“Aşklar mı diyordun, anladım.
Senin incindiğin benimse
Yollara düştüğümdür yeniden”(*)
Herkesin baş etme biçimi farklıdır. Kimi donar kalır kimi oradan uzaklaşır. Kalbimizi açtığımız her serüven, bir yerinde acı barındırır. Burnumuzun direği sızlayacak, gözümüz kararacaktır. Yolun sonunda görünen o ışık yokmuş gibi! Ve yolculuk, tam da bu acının, tüm varlığımızı felç etmesine izin verdiğimizde başlar.

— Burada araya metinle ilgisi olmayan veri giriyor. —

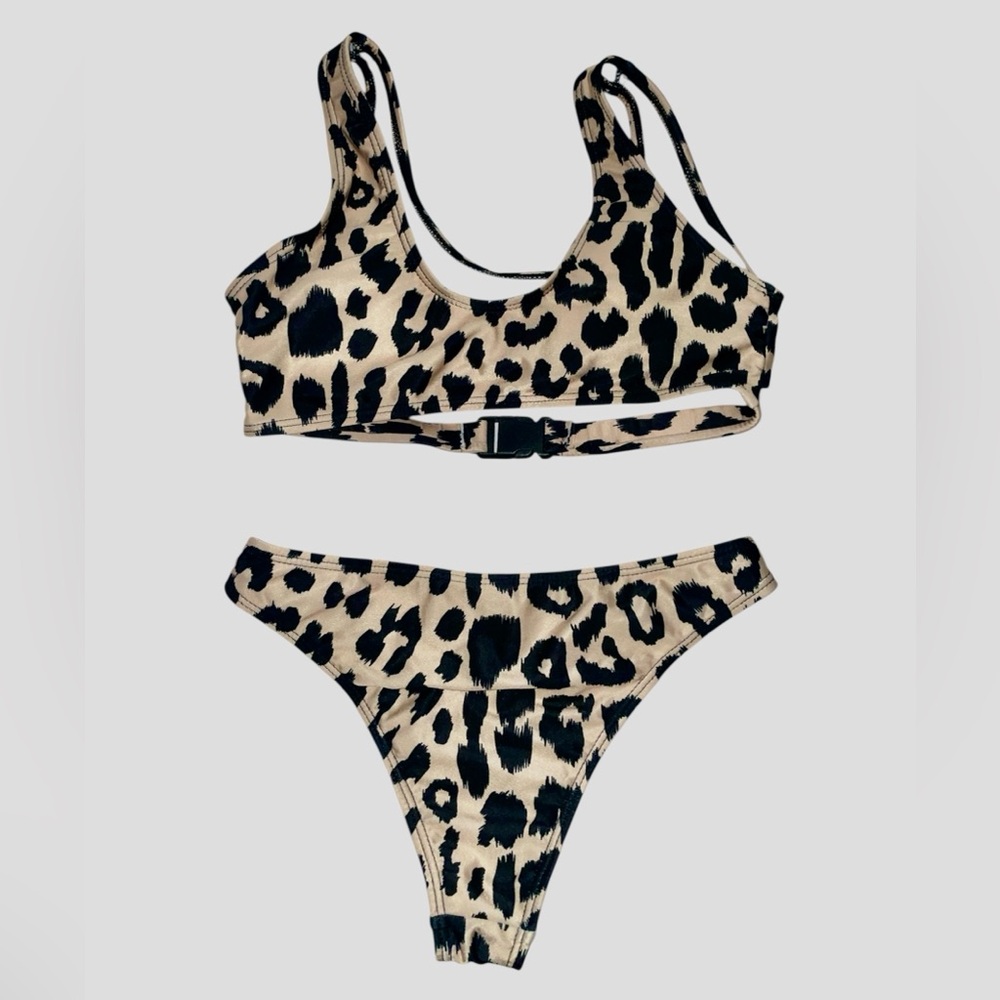 Leopard Print Bikini Set - Picture 2 of 8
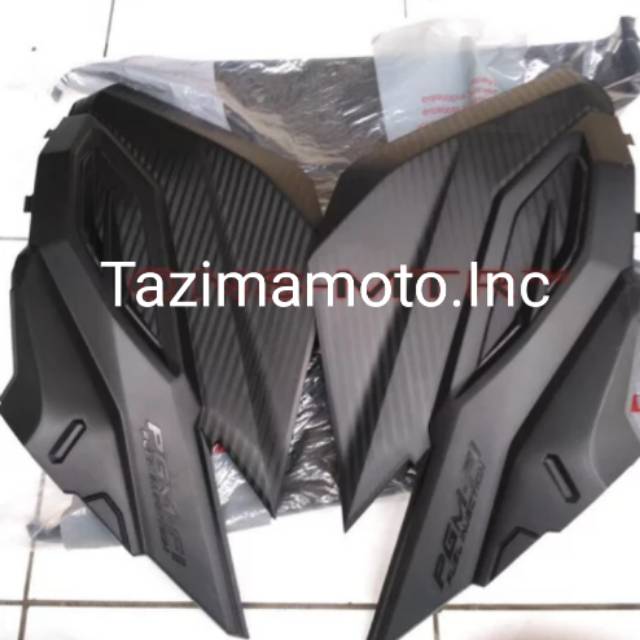 COVER SAMBUNGAN BODI SAMPING L-R VARIO 125 LED - VARIO 150 ESP  ORIGINAL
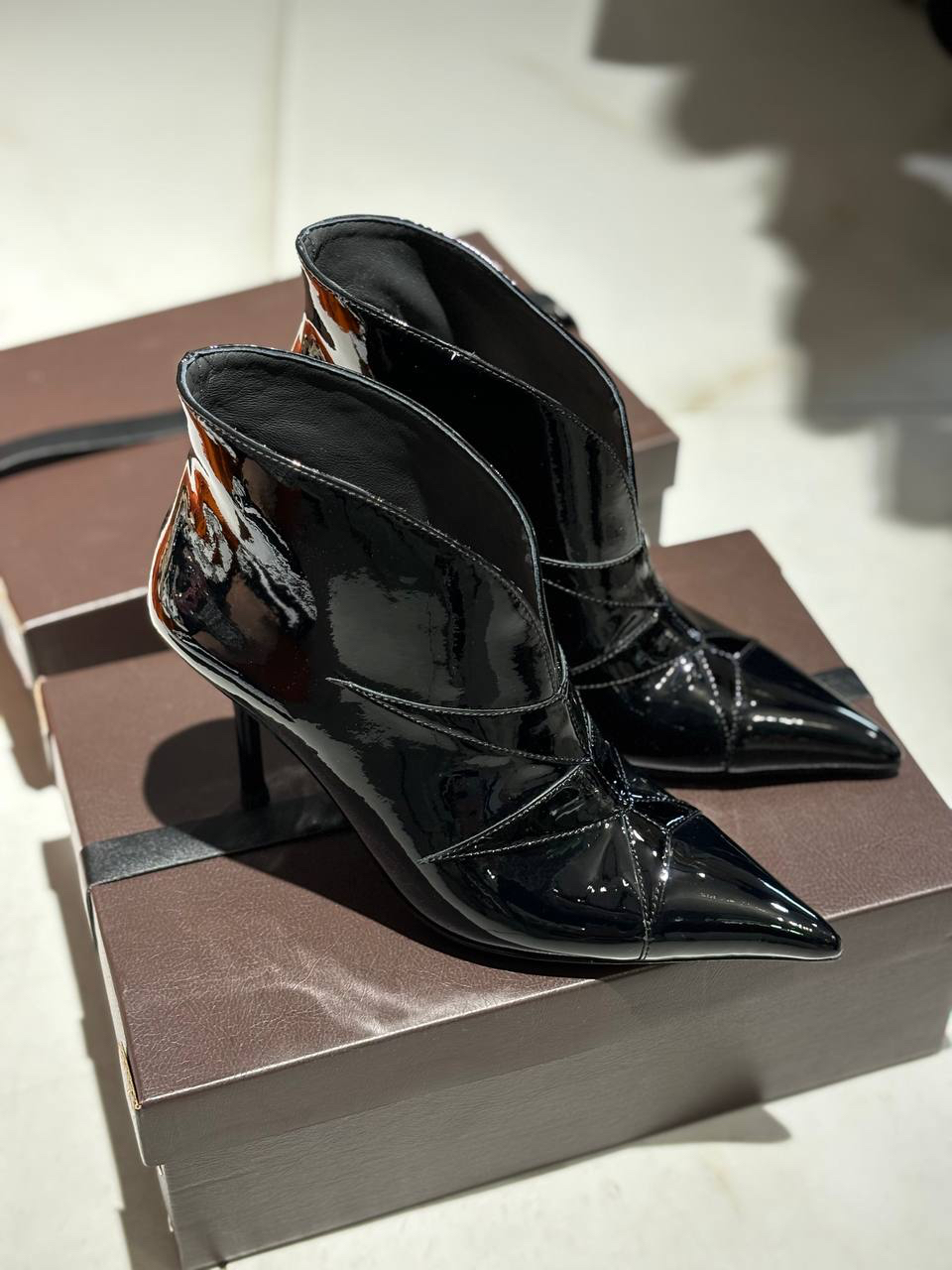 БОТИЛЬОНЫ ALAIA детальное фото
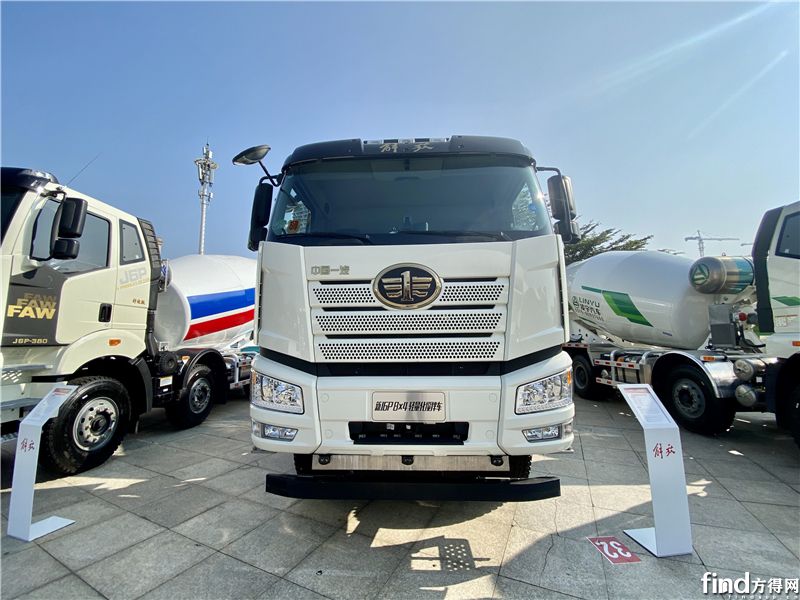 新J6P 8×4 轻量化搅拌车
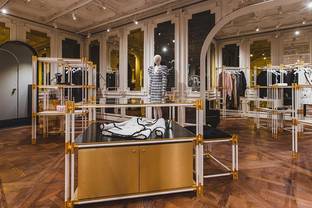 В России открылся первый монобренд Balmain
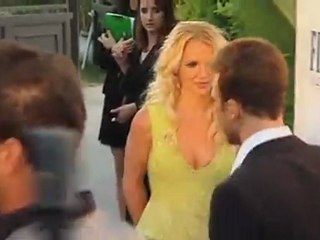 Simon Fuller sues Fox, Paris walks out of interview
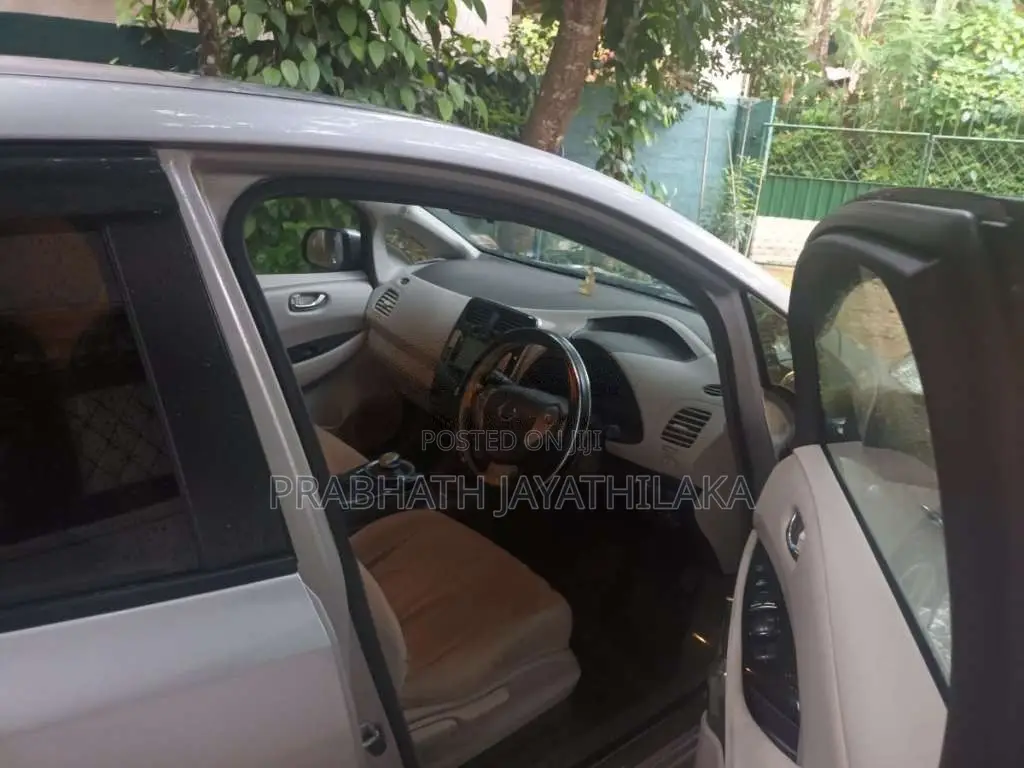 Nissan Leaf 2012 Car (Used)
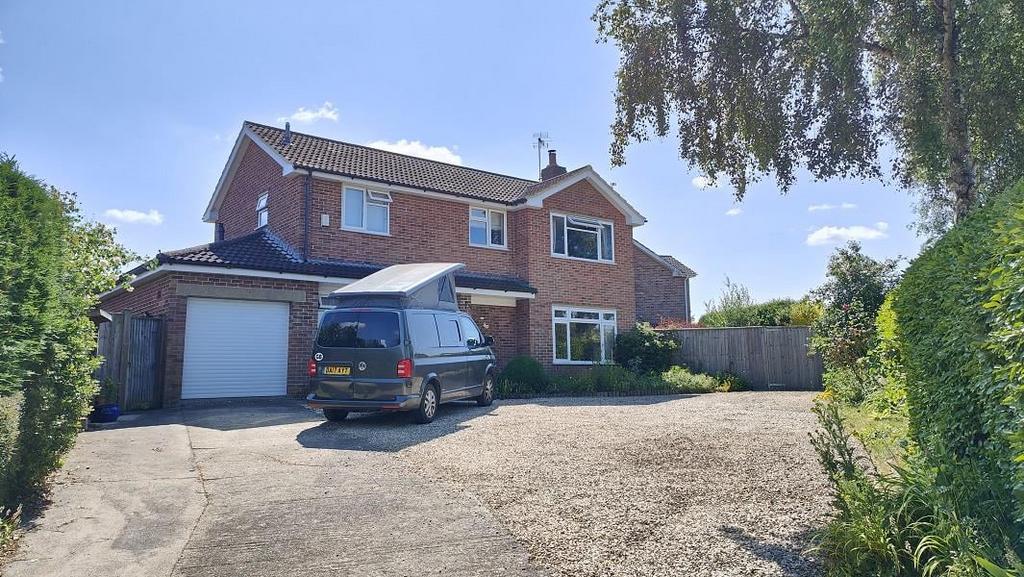 Ridgeway, Sherborne, Dorset, DT9 4 bed detached house for sale £575,000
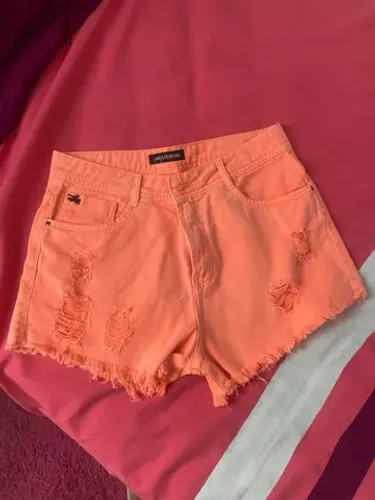 Short jeans lança perfume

Yeni bir kapı aralanır. Kendimizi acıdan koruyamayız. Onun olmadığı bir hikâyede, yaşıyor sayılmayız. Bize, hâlâ yaşıyor olduğumuzu hatırlatır. Onunla yaşayan bir varlığa dönüşme şansı kazanırız. Acı veren, aynı zamanda uyandırır. Tüm bunların ne için olduğu anlaşılır.
“Biten bir aşk için
Söylenecek söz şu olmalı:
– Güzeldi yine de”(*)
Güzeldir çünkü. Bir adım daha yaklaşır insan kendine. Cennete ve cehenneme, dans ederken bulur kendini o kılıçtan keskin, kıldan ince köprüde. Kanatları varmış aslında! Uçar bulur kendini, tam da hikâyesinin sonunun geldiğini düşündüğü anda. Kanat, dünyaya kendisiyle birlikte getirdiği hediyedir. Uçmak, onu dünyaya vermek ve dünyadan kendini almak, böylelikle sonsuzlaşmak demektir. O, herkesin hep özlediğidir.
“Hiç kimse bir aşkı
Onarmaya kalkmasın
Kaybedilmeye değer
En güzel anında bitirilmişse eğer”(*)
Aşk onarılmaz. O onarır. Geçmişin kırıp geçtiklerini… Kırılmak acı verir. Zinciri kıracak şey de bundan başkası değildir. Eski bir şarkı hatırlıyorum: “Yaşamak zevki verir ruhuma sonsuz kederin.” İlk duyduğumda, nasıl biri böyle bir söz edebilir diye düşünmüştüm. Şimdi ne demek istediğini biraz daha anlıyorum.
Hissetmenin ağırlığı altında yorgun, kalplerini derin okyanuslara gömen yaşayan ölülerin dünyasında, onlardan biri olmaktansa kalbini göğsünde tutmayı başarmak, epey devrimci bir eylemmiş.
-Ama anne, acıyor!
-Hayır çocuğum, yaşıyor! Senin kalbin, yaşıyor.
Ve ancak yaşayanlar, yaşayanları ve artık kendisi için çok geç olanları fark edebiliyor.
Kalbinize bakın! Acıyor mu? Öyleyse umut var! Çok şükür.